Trained vehicle tends to freeze at the entrance of roundabout env

juliayun23 commented 3 years ago

Hi, @eleurent, recently I've been exploring your excellent project. I used PPO2 from stable-baselines to train vehicle in roundabout env, one weird phenomena I noticed was that the trained vehicle tends to freeze at the entrance of roundabout (not move anymore). This happened quite often when I evaluated the trained model. I'm not sure whether it's the problem of hyperparameters but I didn't make much changes to hyperparameters. Do you have any idea why this happens and suggestion on how to solve this?

My testing code was like this:

env = gym.make("roundabout-v0")
model = PPO2(MlpPolicy, env, verbose=1, learning_rate=lambda f: f * 5.0e-4, cliprange=lambda f: f * 0.1)
model.learn(total_timesteps=int(1e5))
model.save('ppo2_mlp_roundabout')

Thanks for your help.

eleurent commented 3 years ago

Hi @nomatterhoe, Thank you for that feedback, that's interesting. I think that for this roundabout environment, I actually have never tried model-free algorithms so far, only model-based (planning) approaches. I'll try and see if I can reproduce the conservative behaviours that you get.
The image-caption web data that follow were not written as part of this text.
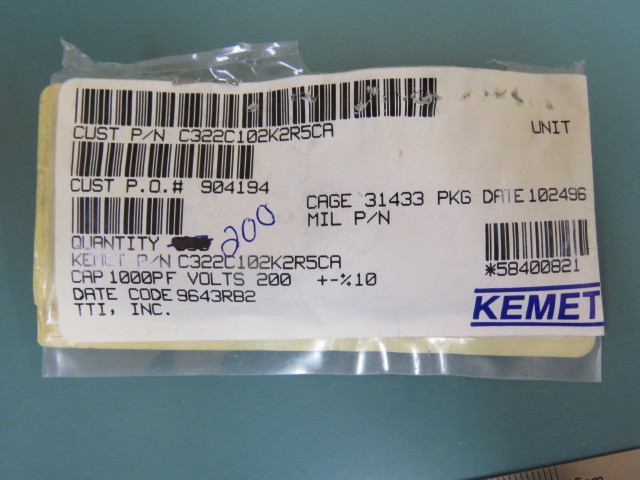 KEMET ELECTRONICS CORP C322C102K2R5CA Qty of 366 per Lot CAP CER 1000PF 200V 10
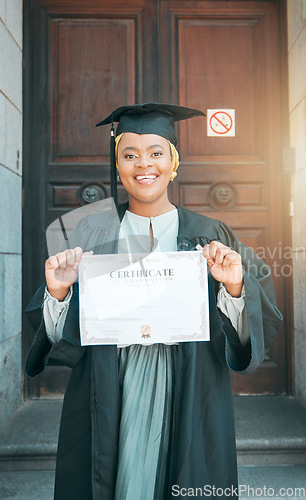 Image of College student portrait, graduate certificate and black woman happiness for education milestone, career growth or degree. City, university diploma and African person happy for learning achievement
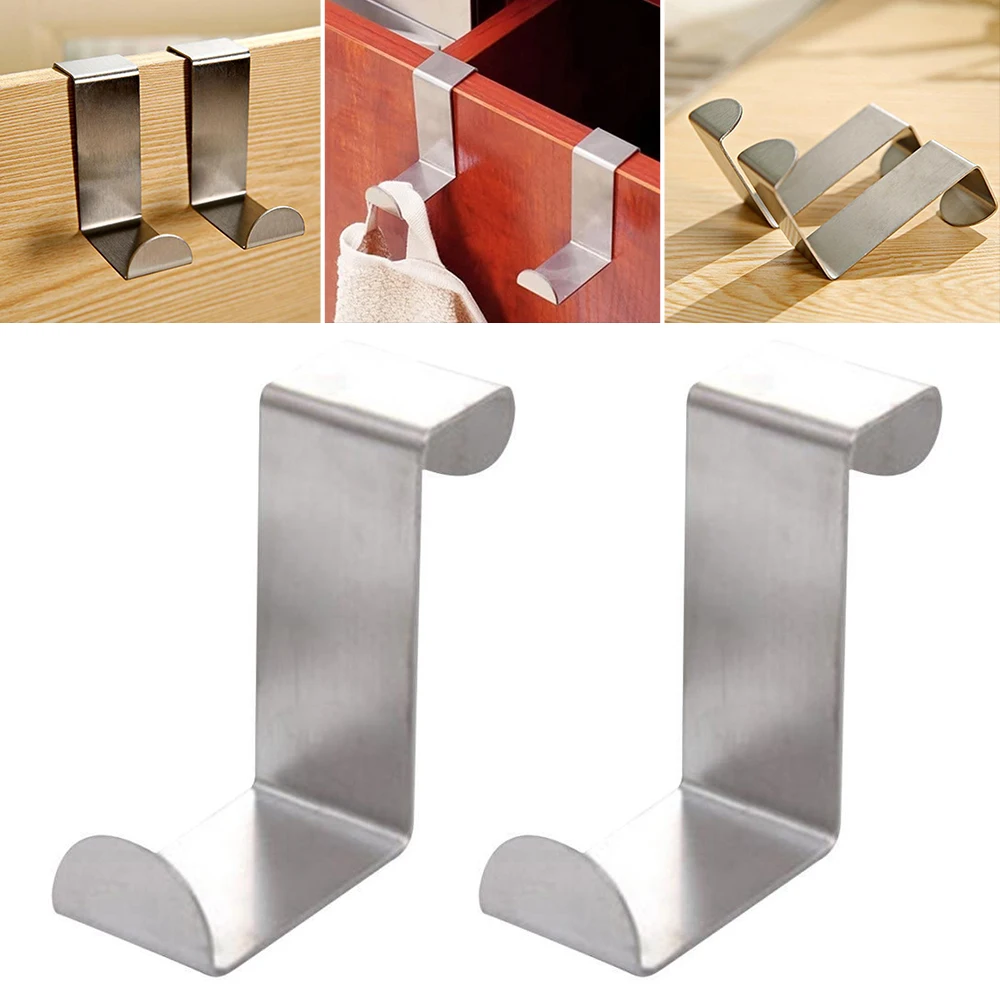 Drawer Hook 4x Over Door Hook Stainless Steel Reversible Cupboard Drawer Metal ...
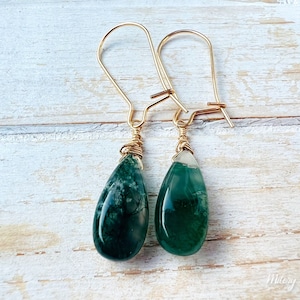 Dainty Moss Agate Gold Drop Earrings, 14K Gold Filled Hooks, Green Moss Agate Earrings, Delicate earrings, Minimalist Gemstone Earrings
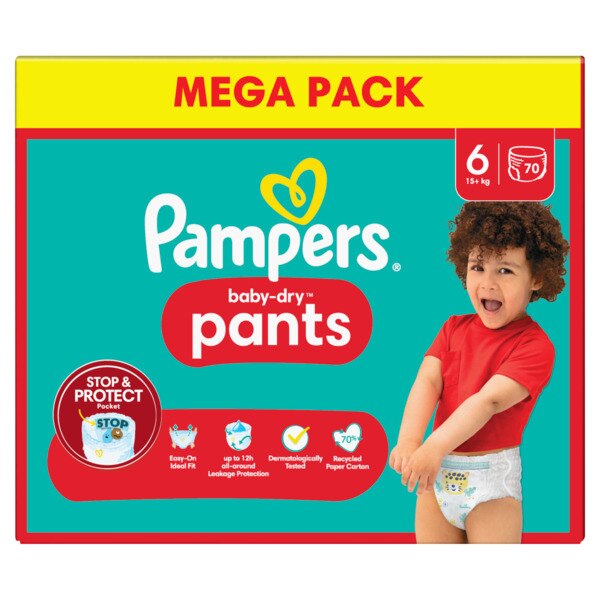 PAMPERS Baby-dry pants Couches-culottes taille 6 (+15kg) 66 couches pas  cher 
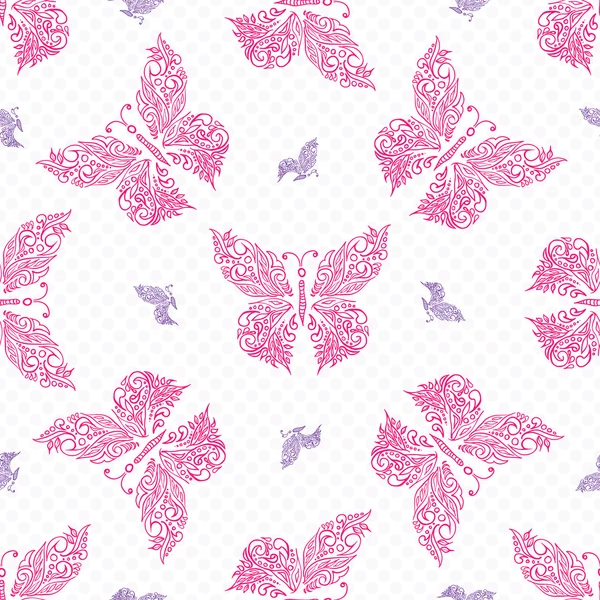 Seamless butterfly pattern. Vector illustration — Stock Vector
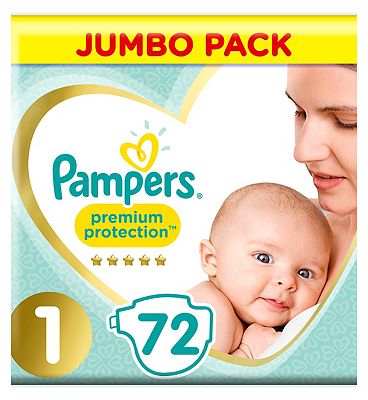 Pampers Premium Protection Size 1, Jumbo Pack 72 Nappies, 2-5kg Review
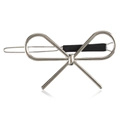 Minimalistische silberne Schleifen-Haarklammer aus poliertem Metall mit Spiegeleffekt - Klassisch / Silber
Hypothesis: the model has trouble figuring out whether or not a vehicle is coming, and settles for the safe option. This could be alleviated by a different choice of observation type and neural network architecture, see e.g.this work on the intersection environment.

eleurent commented 3 years ago

That being said, I just noticed that the default observation for roundabout is the Time To Collision observation, which is not appropriate since it was designed for straight roads. I just changed it to a Kinematics observation, which is better suited (OccupancyGrid could work as well)
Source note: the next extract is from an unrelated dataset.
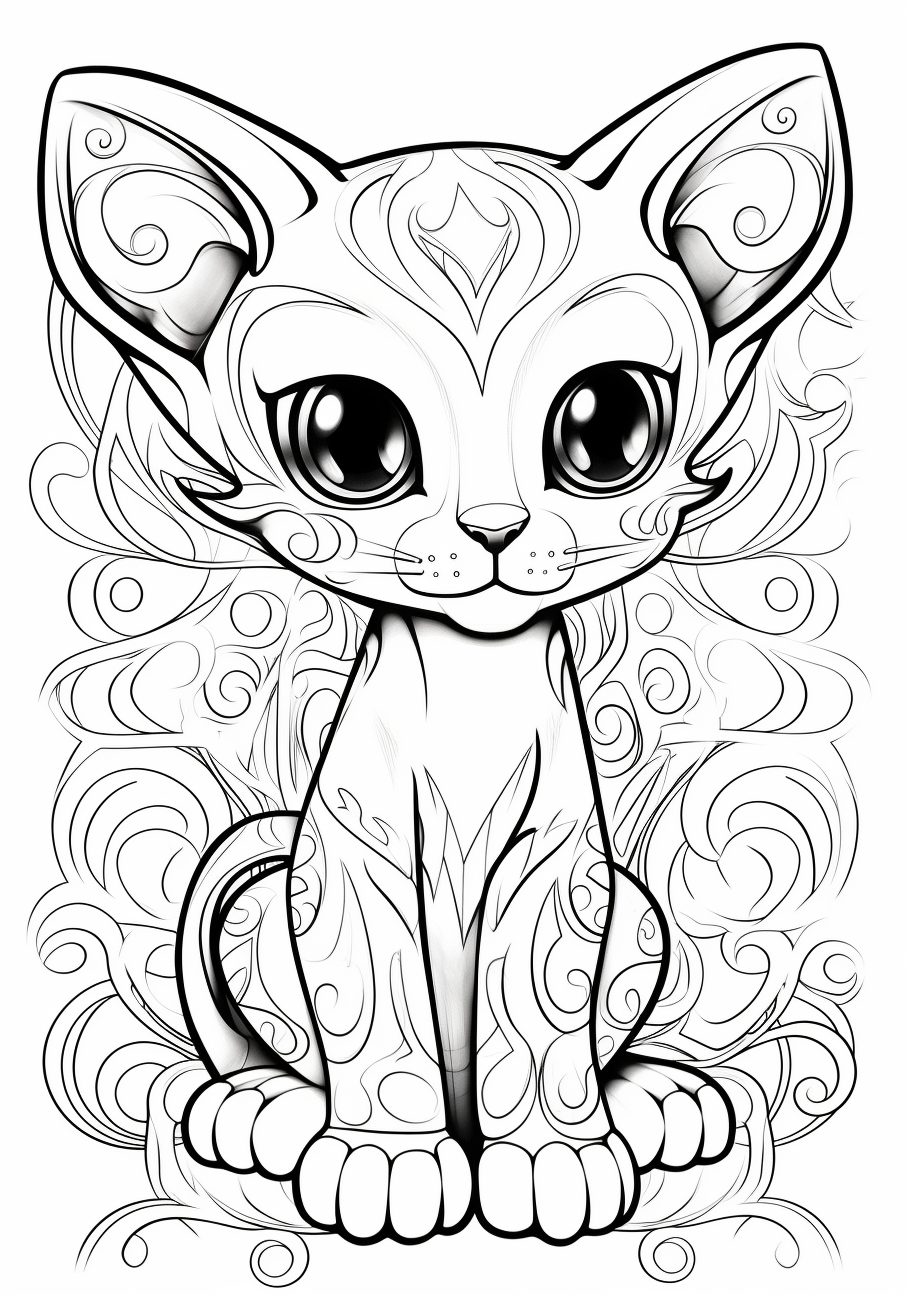 The elusive Pokemon Mew drawn with clean lines and detailed shading. printable coloring page, black and white, free download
juliayun23 commented 3 years ago

Thanks for your reply @eleurent , following your suggestion, I tried the Roundabout env with OccupancyGrid observation and Kinematics observation, the freeze problem was solved in both cases. But it seems like the training curve won't converge (following is the roundabout env with Kinematics observation trained using ppo2)

The training curves also can't converge in Intersection env when I trained the vehicle using dqn and ppo2, I tried adjusting learning rate and total_timesteps, didn't make differences. I had a look at your paper, it seems like you customized the DQN algorithm for the intersection env by adding attention layers in your network architecture. So my new question is, in your opinion, is it possible at all that a baseline algorithm can perform/learn well under these complex driving environments such as roundabout and intersection?

eleurent commented 3 years ago

But it seems like the training curve won't converge

It seems to me that training does converge (i.e. to a local maximum) in about 100k steps? You may be troubled by these downward spikes: they probably correspond to accidents. However,

I do not think that most RL algorithms are expected to always have a smooth and monotonously improving reward. That may be the case for environments where the reward is smooth (e.g. distance to a goal), but this is not the case here because of the discontinuities related to collisions. Since the agent has an incentive to drive in near-collisions states (tailgating other vehicles) because it yields a higher reward (related to velocity), these collisions are expected with random exploration.
It may be the case that, for this definition of the reward function and given uncertainty over the behaviors of other vehicles, it is actually worth it (in terms of expected return) to risk having a collision once in a while, it it allows getting rewards for high velocity the rest of the time. Increasing the collision penalty will decrease the number of accidents, but can in turn result in an overly conservative policy (freeze at the entrance of roundabout).

The training curves also can't converge in Intersection env when I trained the vehicle using dqn and ppo2, I tried adjusting learning rate and total_timesteps, didn't make differences. I had a look at your paper, it seems like you customized the DQN algorithm for the intersection env by adding attention layers in your network architecture.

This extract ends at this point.